• [What you will do]: This exercise asks for an exact copy of every entry below, with pictures omitted.

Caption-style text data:

:::::

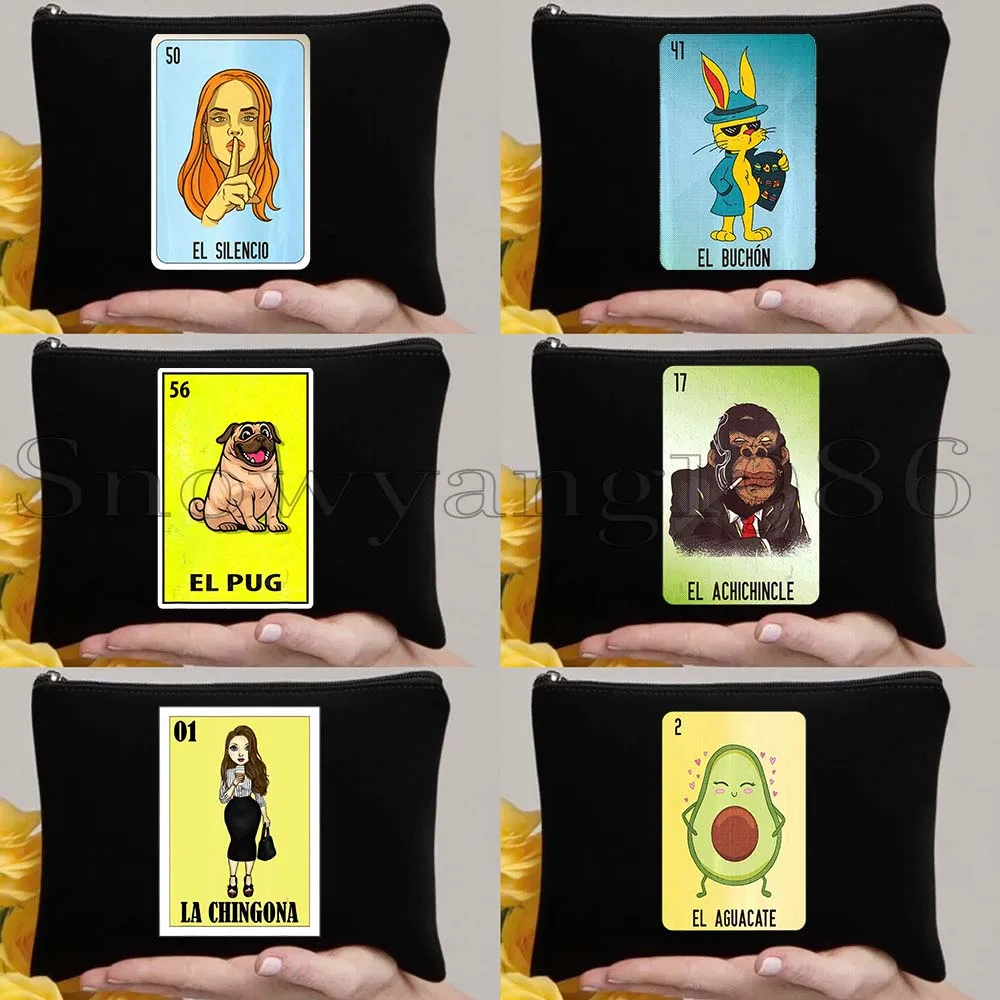 6 piezas El Catrin Muertos Tarot ESTRELLA SIRENA LA BANDERA, Bolsa de Lona para Maquillaje y Cosméticos, Regalos de Tarjetas de Lotería y Bingo Mexicanas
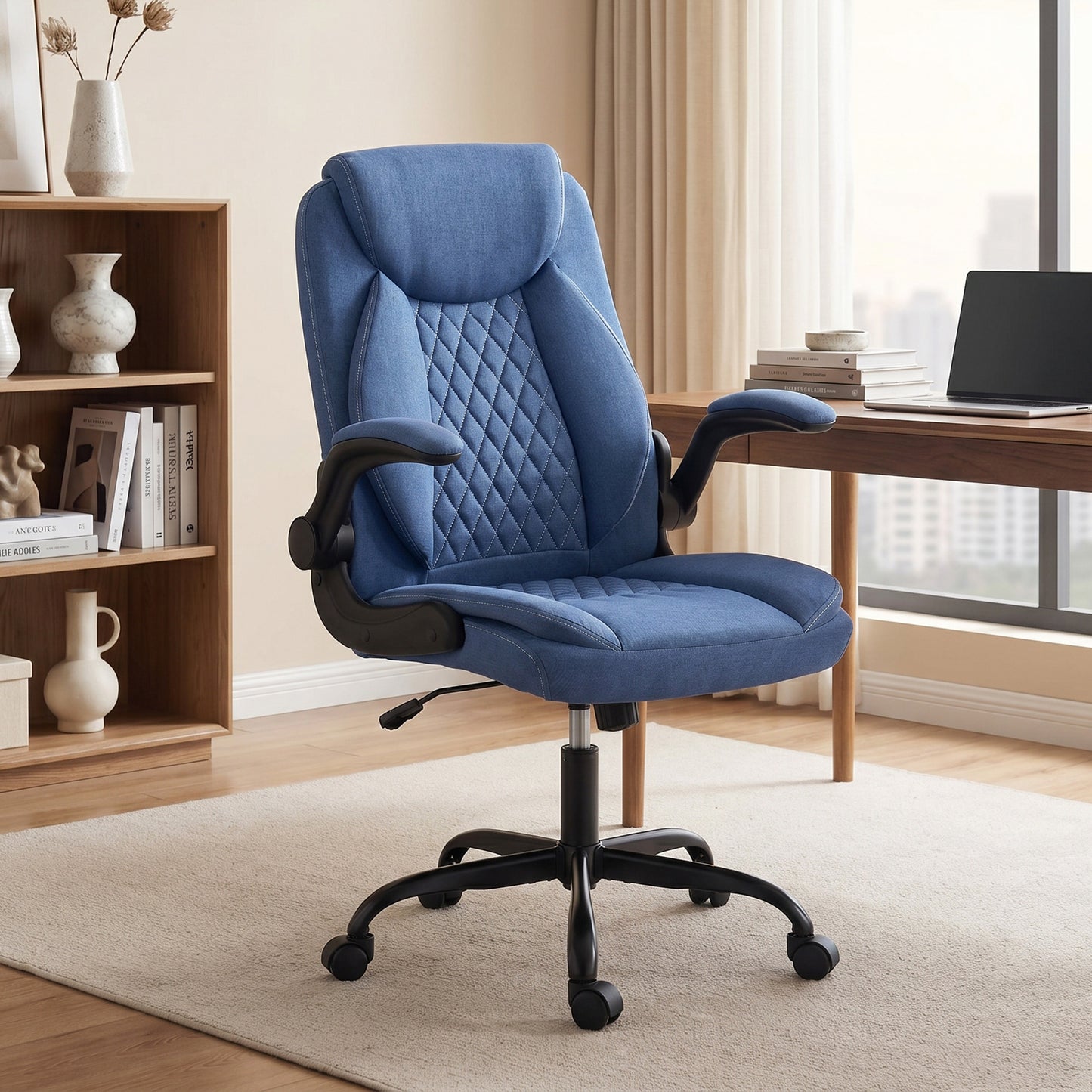 Linen-Look Computer Desk Chair, Executive Office Chair with Flip-Up Armrests and Thick Cushion, Blue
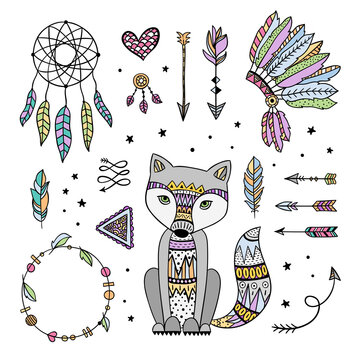 Boho style elements vector set. Hand drawn boho animal, feathers, arrows, wreath on white background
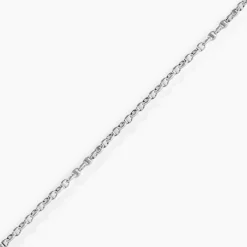 Bracelet Capucin Or Blanc Maille Marine Plate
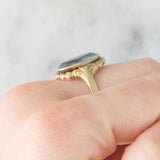 Anello da cocktail vintage in oro giallo 14K con topazio azzurro (4.50ct ca.), anni ‘50/‘60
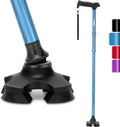 REHAND Walking Cane for Men & Women - Foldable, Adjustable, Lightweight, Self Standing Pivot Walking Cane, Soft Handle Grip, with Travel Bag, Walking Sticks for Seniors & Adults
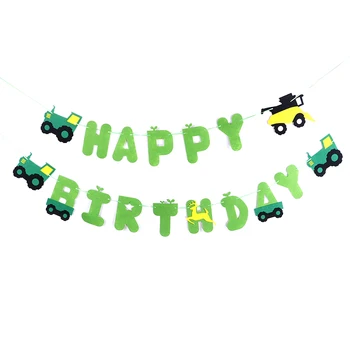 

Happy Birthday Green Tractor Felt Banner Pennant Farm Garland For Construction Vehicle Logging Forest Theme Party Decor Supplies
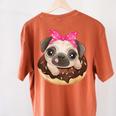 Cute Pug Shirt Donut Girls Dog Women's Comfort Colors T-Shirt Back Print Yam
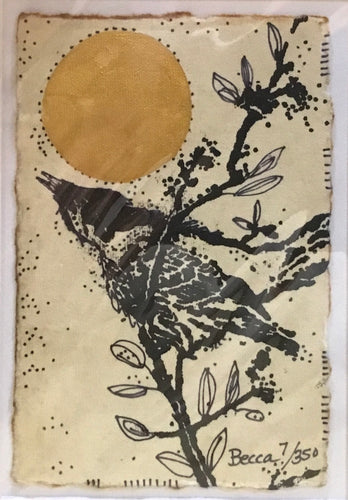 black bird gold moon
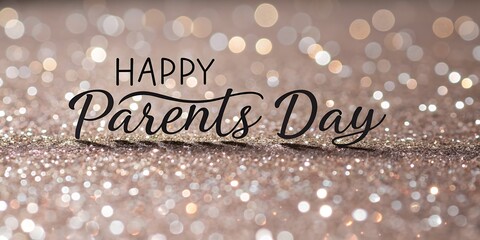 Elegant happy parents day text with soft bokeh lights on a sparkling glitter background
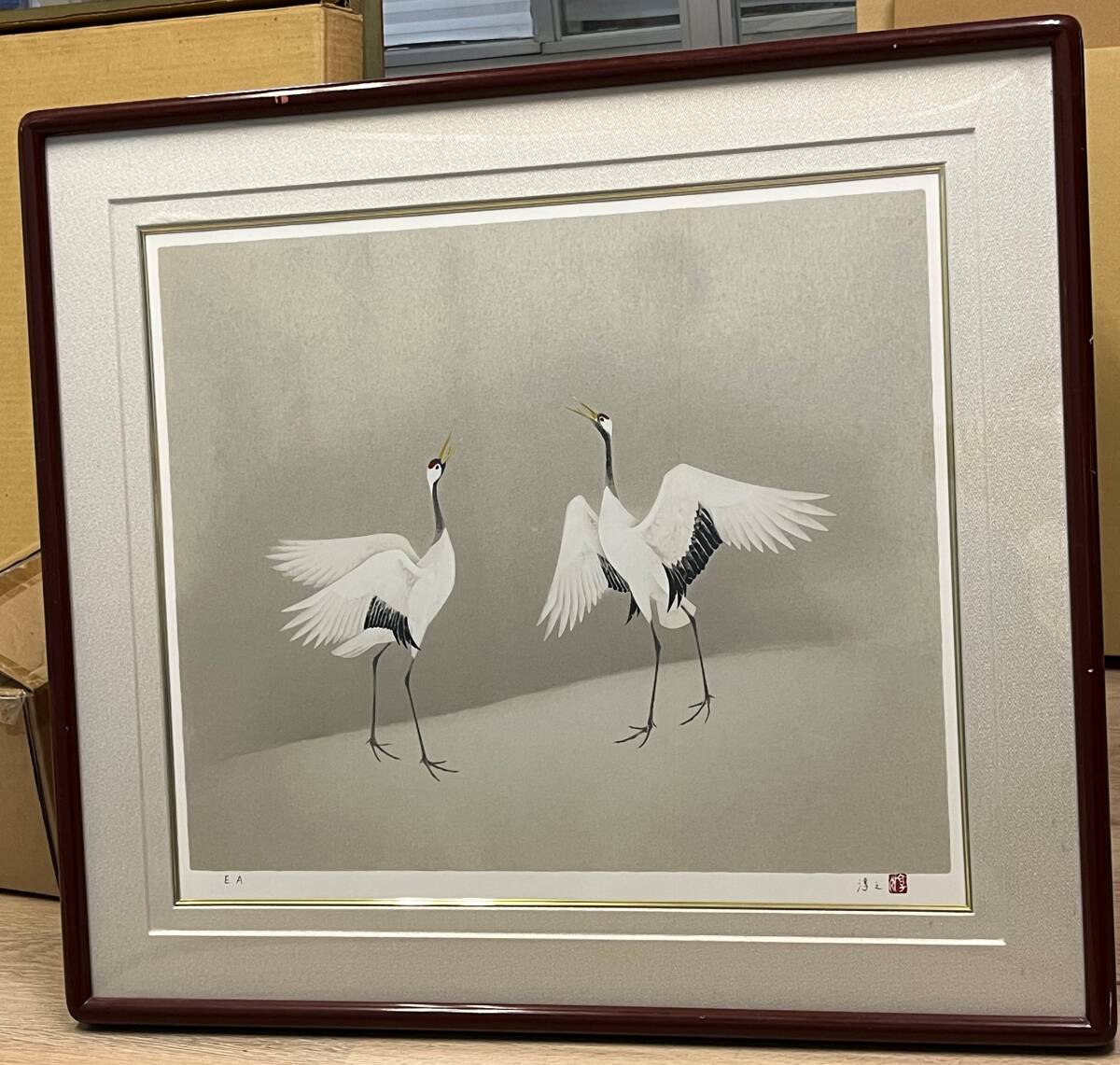 【模写】 シルクスクリーン 額:(約 縦69㎝ × 横77㎝ × 厚み3㎝)拍卖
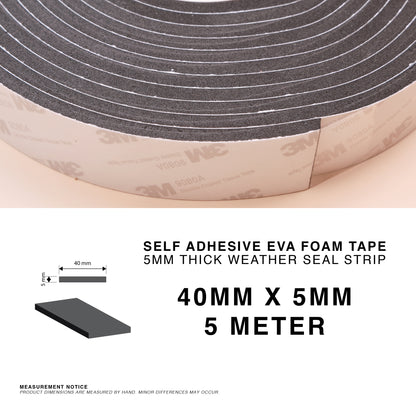 Self Adhesive EVA Foam Sealing Tape – Black | 3mm & 5mm | 5m Roll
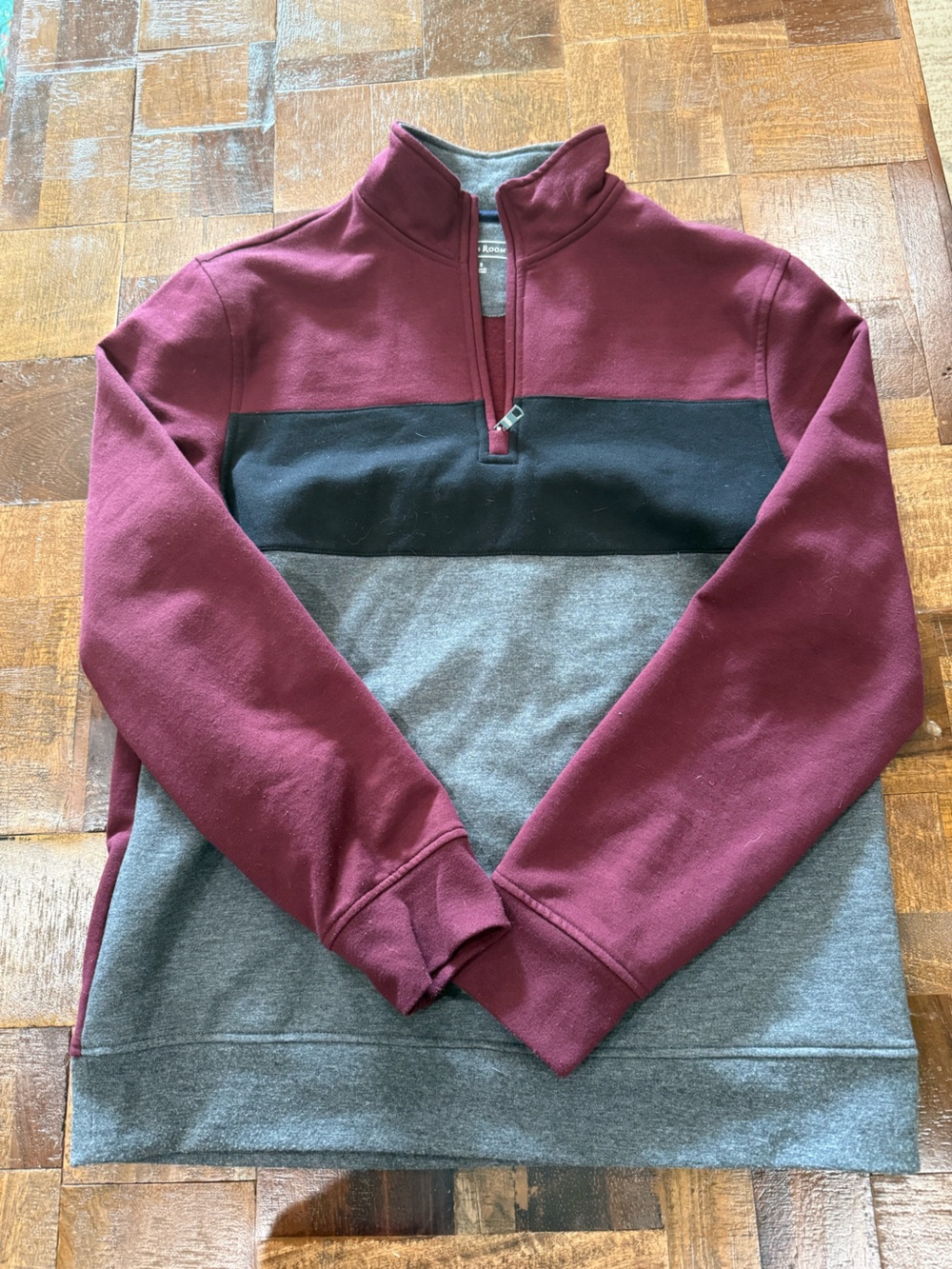 Club Room Colorblock Quarter Zip in Burgundy, Gray & Black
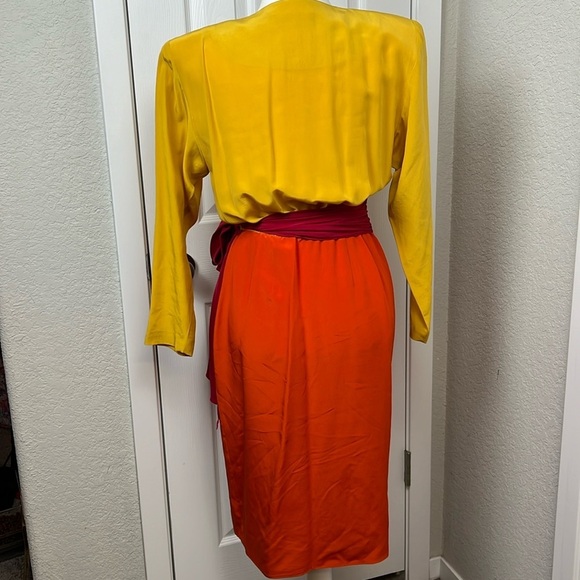 Gillian Silk Wrap Crepe Haute Couture Wrap Dress Vintage 80s - Picture 9 of 17
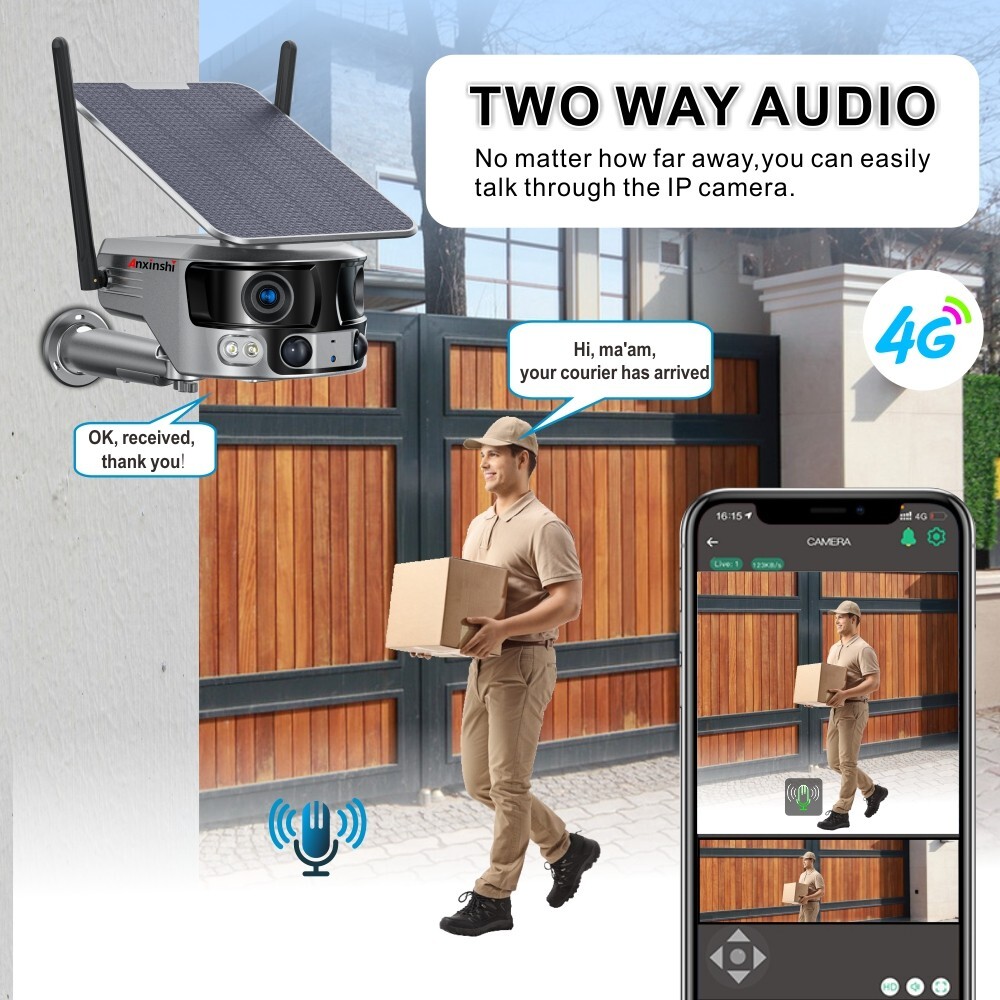 4K 8MP 180° Ultra Wide View Angle 4G Solar Security Camera Outdoor WIFI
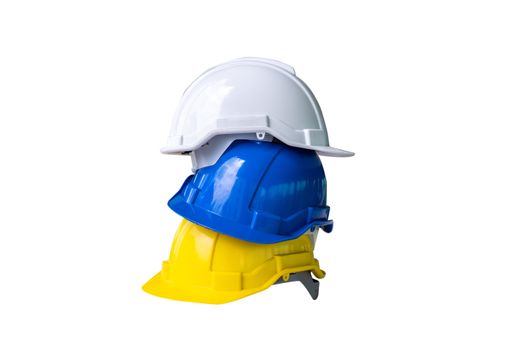 3 deferential helmet, yellow, blue and white safe worker construction tools for industrial safety isolated on white background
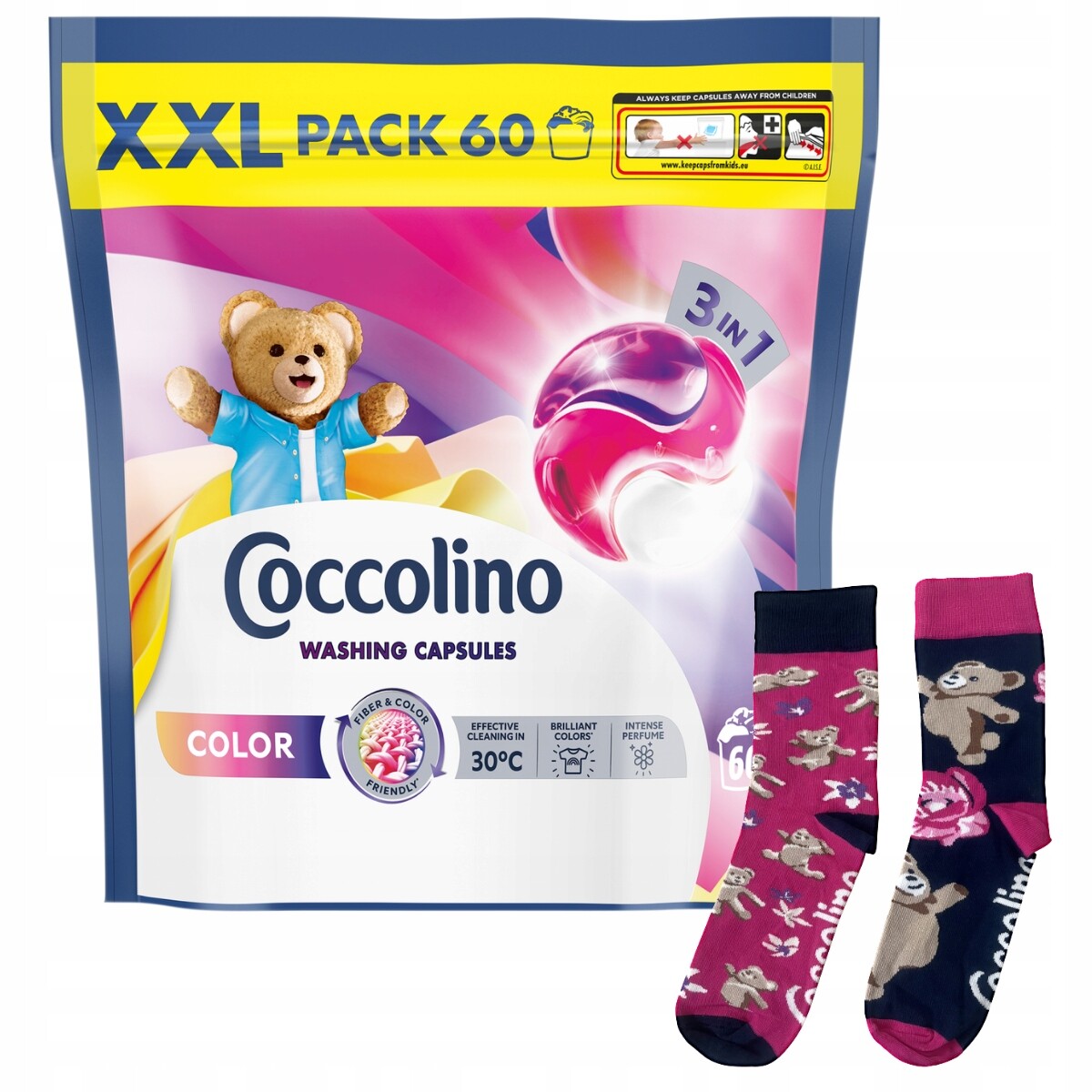 Coccolino Kapsle na praní barev 60ks Ponožky Bonus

:::::

• [Task response]:
 6 piezas El Catrin Muertos Tarot ESTRELLA SIRENA LA BANDERA, Bolsa de Lona para Maquillaje y Cosméticos, Regalos de Tarjetas de Lotería y Bingo Mexicanas
 Linen-Look Computer Desk Chair, Executive Office Chair with Flip-Up Armrests and Thick Cushion, Blue
 Boho style elements vector set. Hand drawn boho animal, feathers, arrows, wreath on white background
 Bracelet Capucin Or Blanc Maille Marine Plate
 Anello da cocktail vintage in oro giallo 14K con topazio azzurro (4.50ct ca.), anni ‘50/‘60
 REHAND Walking Cane for Men & Women - Foldable, Adjustable, Lightweight, Self Standing Pivot Walking Cane, Soft Handle Grip, with Travel Bag, Walking Sticks for Seniors & Adults

Happy Birthday Green Tractor Felt Banner Pennant Farm Garland For Construction Vehicle Logging Forest Theme Party Decor Supplies
 Cute Pug Shirt Donut Girls Dog Women's Comfort Colors T-Shirt Back Print Yam
 black bird gold moon
 Elegant happy parents day text with soft bokeh lights on a sparkling glitter background
 【模写】 シルクスクリーン 額:(約 縦69㎝ × 横77㎝ × 厚み3㎝)拍卖
 Self Adhesive EVA Foam Sealing Tape – Black | 3mm & 5mm | 5m Roll
 Club Room Colorblock Quarter Zip in Burgundy, Gray & Black
 Gillian Silk Wrap Crepe Haute Couture Wrap Dress Vintage 80s - Picture 9 of 17
 4K 8MP 180° Ultra Wide View Angle 4G Solar Security Camera Outdoor WIFI
 3 deferential helmet, yellow, blue and white safe worker construction tools for industrial safety isolated on white background
 Coccolino Kapsle na praní barev 60ks Ponožky Bonus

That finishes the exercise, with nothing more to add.